What you need to do:
What you return should be the line containing "Salle de réception" and each line after it to the end of the records, copied exactly.

Material for this exercise:
»»

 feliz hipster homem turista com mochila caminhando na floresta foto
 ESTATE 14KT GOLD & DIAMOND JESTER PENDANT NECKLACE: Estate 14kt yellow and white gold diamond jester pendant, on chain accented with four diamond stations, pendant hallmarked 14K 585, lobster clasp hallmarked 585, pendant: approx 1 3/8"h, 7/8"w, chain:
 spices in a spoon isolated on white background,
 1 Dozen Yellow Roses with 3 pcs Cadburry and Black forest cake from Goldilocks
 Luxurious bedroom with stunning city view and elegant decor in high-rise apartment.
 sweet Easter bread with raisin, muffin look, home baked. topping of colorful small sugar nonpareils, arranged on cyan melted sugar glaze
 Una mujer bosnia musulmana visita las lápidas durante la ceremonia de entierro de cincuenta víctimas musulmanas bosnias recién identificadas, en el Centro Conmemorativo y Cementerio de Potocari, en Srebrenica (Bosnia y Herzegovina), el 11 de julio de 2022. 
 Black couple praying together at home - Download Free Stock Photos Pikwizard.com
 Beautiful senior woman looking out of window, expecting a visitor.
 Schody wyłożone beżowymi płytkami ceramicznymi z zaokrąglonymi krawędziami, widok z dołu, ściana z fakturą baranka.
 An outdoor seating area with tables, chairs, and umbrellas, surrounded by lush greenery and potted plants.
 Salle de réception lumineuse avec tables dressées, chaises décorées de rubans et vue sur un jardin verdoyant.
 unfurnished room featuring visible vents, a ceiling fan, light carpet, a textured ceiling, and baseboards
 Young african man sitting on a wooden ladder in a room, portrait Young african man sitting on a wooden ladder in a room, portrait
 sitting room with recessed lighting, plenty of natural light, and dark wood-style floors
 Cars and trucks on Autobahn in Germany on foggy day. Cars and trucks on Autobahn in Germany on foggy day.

««

Task output:
 Salle de réception lumineuse avec tables dressées, chaises décorées de rubans et vue sur un jardin verdoyant.
 unfurnished room featuring visible vents, a ceiling fan, light carpet, a textured ceiling, and baseboards
 Young african man sitting on a wooden ladder in a room, portrait Young african man sitting on a wooden ladder in a room, portrait
 sitting room with recessed lighting, plenty of natural light, and dark wood-style floors
 Cars and trucks on Autobahn in Germany on foggy day. Cars and trucks on Autobahn in Germany on foggy day.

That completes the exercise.